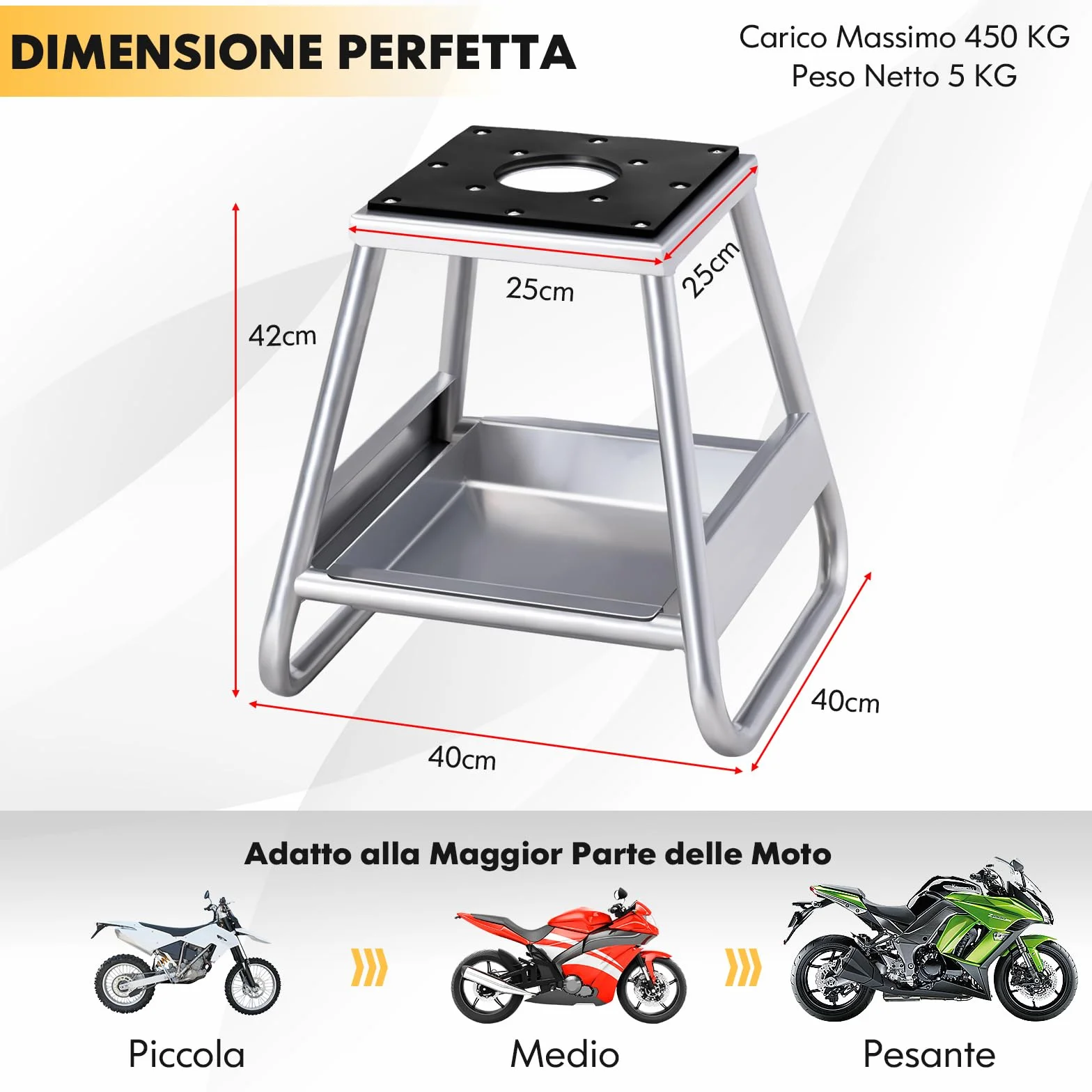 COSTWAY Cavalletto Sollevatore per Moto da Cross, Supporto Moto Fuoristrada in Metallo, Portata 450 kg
---
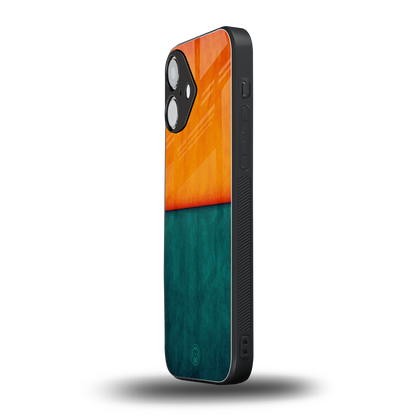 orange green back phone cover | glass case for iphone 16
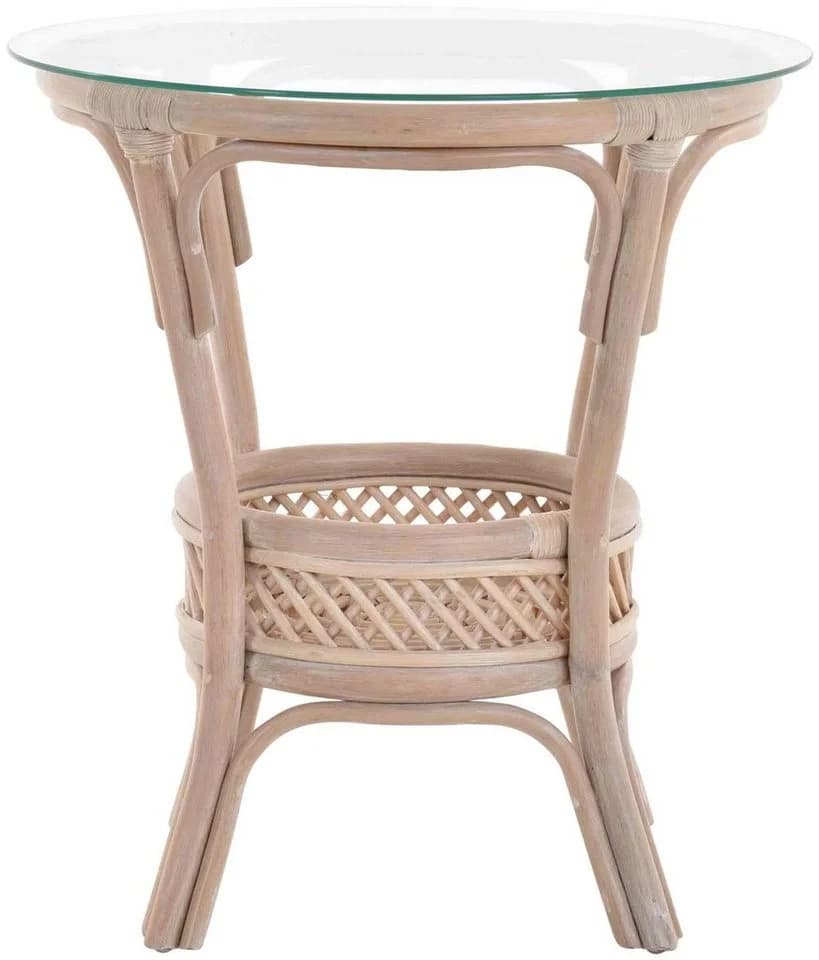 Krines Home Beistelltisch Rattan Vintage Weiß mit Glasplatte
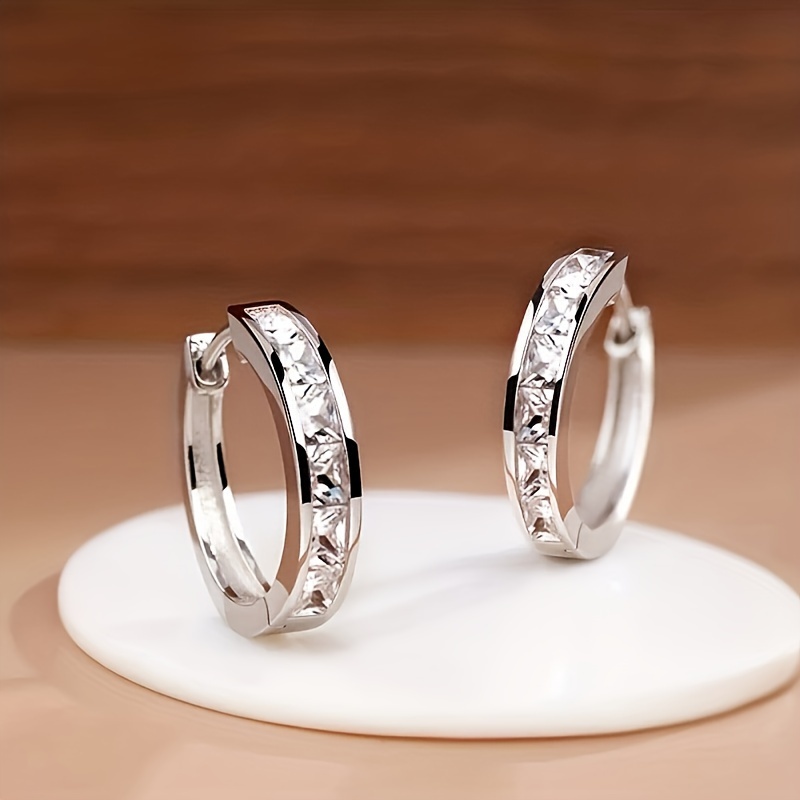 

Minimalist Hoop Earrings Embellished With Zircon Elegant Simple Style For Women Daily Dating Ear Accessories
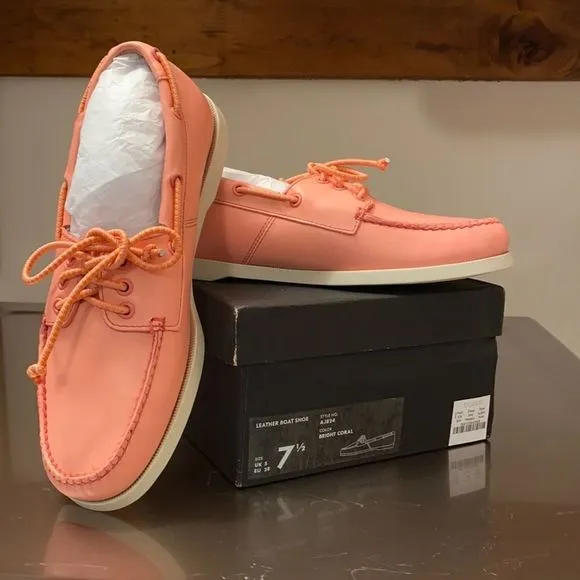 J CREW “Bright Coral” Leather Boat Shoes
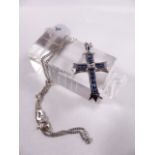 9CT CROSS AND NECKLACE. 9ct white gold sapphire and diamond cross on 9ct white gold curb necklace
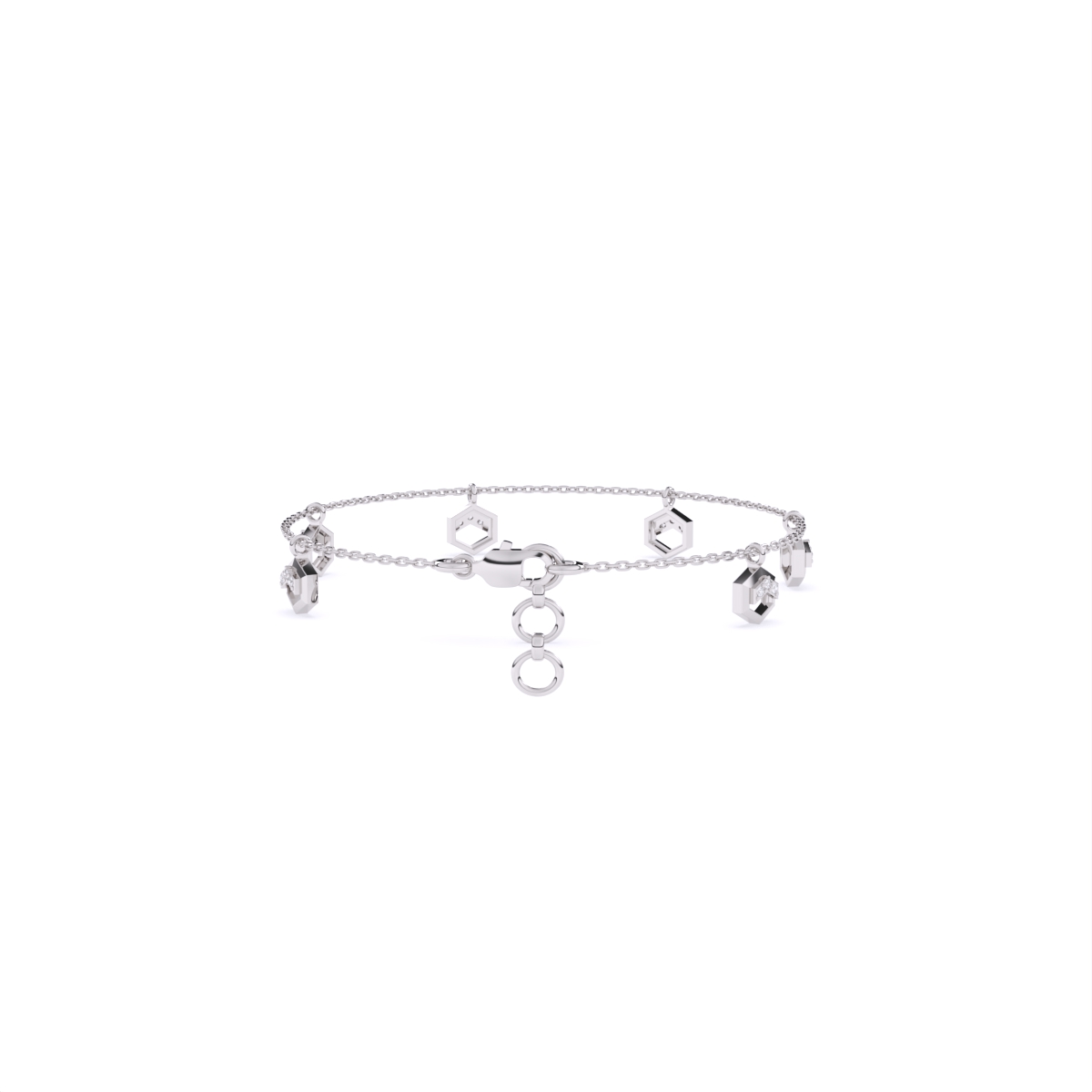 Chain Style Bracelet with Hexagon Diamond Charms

◆ **What is expected**: In the records above, find the line with "Leather Boat Shoes" and the line with "Chain Style Bracelet"; please transcribe exactly those two lines and all lines between them, omitting any picture.

◆ **Solution**:
 J CREW “Bright Coral” Leather Boat Shoes
 9CT CROSS AND NECKLACE. 9ct white gold sapphire and diamond cross on 9ct white gold curb necklace
 Chain Style Bracelet with Hexagon Diamond Charms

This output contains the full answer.